8. Joker, de Todd Phillips (États-Unis)

Lauréat du Lion d’or à la Mostra de Venise, ce film de Todd Phillips tend à l’Amérique un miroir implacable. Sombre, troublant, déstabilisant, aussi marqué par une performance hallucinante — et hallucinée — de Joaquin Phoenix, ce film ovni emprunte aussi la forme d’un hommage au cinéma américain d’il y a 40 ans. Puisé à même les classiques des années 70 et 80, particulièrement le cinéma de Martin Scorsese (des références directes sont faites à Taxi Driver et The King of Comedy), le récit trouve un écho contemporain particulier, dans la mesure où il expose la folie à l’état pur, celle qui fait que des types, taciturnes au-delà de la colère et de la rage, commettent l’irréparable d’une manière qui dépasse l’imagination. Et qui glace le sang.

9. La femme de mon frère, de Monia Chokri (Québec)

À la fois léger et profond, le premier long métrage de Monia Chokri à titre de scénariste et réalisatrice fait écho au désarroi d’une femme trentenaire tentant de trouver sa place dans un monde qui ne semble pas en mesure de lui en offrir une. Il y a d’abord les dialogues, vifs, corrosifs, souvent très drôles, livrés avec panache. Sans insister, parce que ça fait tout simplement partie de la vie, on parle d’avortement, d’immigration, de relations familiales, de l’absence de désir de maternité, de vie sociale et amoureuse. Et puis, il y a la manière. Sur le plan de la mise en scène, La femme de mon frère, qui a ouvert Un certain regard au Festival de Cannes, est truffé de jolis traits et de belles trouvailles.

10. Knives Out, de Rian Johnson (États-Unis)

Un divertissement « à l’ancienne » absolument jubilatoire, dont l’esprit évoque l’univers des romans à énigmes d’Agatha Christie, l’humour caustique en plus.

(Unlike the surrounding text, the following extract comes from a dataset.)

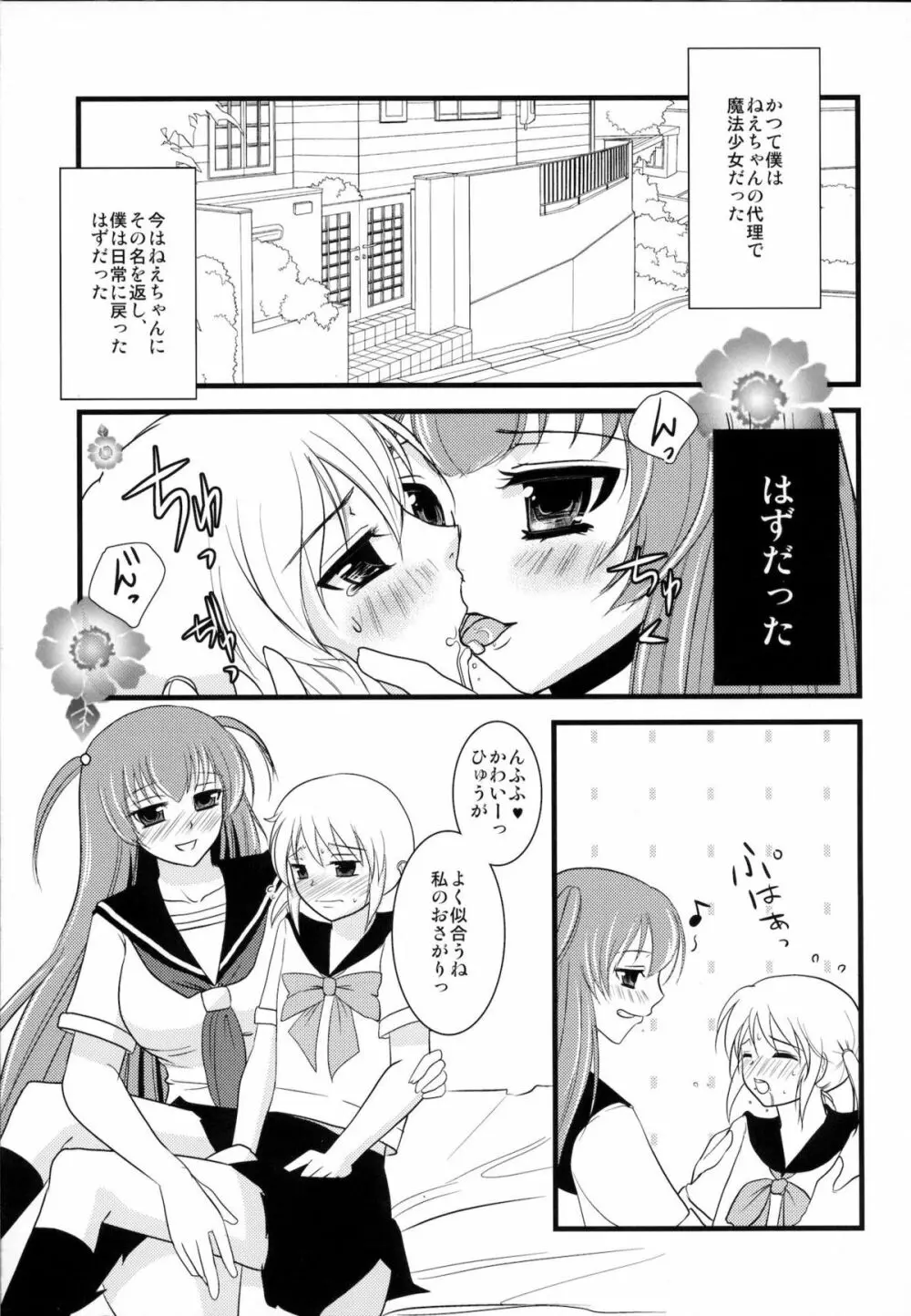 インタビューウィズ魔法少女系少年総集編 - page46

Avec une efficacité redoutable, et des dialogues incisifs à travers lesquels passe la véritable nature — parfois perverse — des personnages, Rian Johnson, qui se remet en selle après avoir été cloué au pilori à cause de Star Wars : The Last Jedi, qu’il a réalisé, propose une comédie policière à la fois drôle et captivante, qui apostrophe au passage l’état d’esprit d’une société en train de se replier complètement sur elle-même. La distribution de haut vol fait le reste.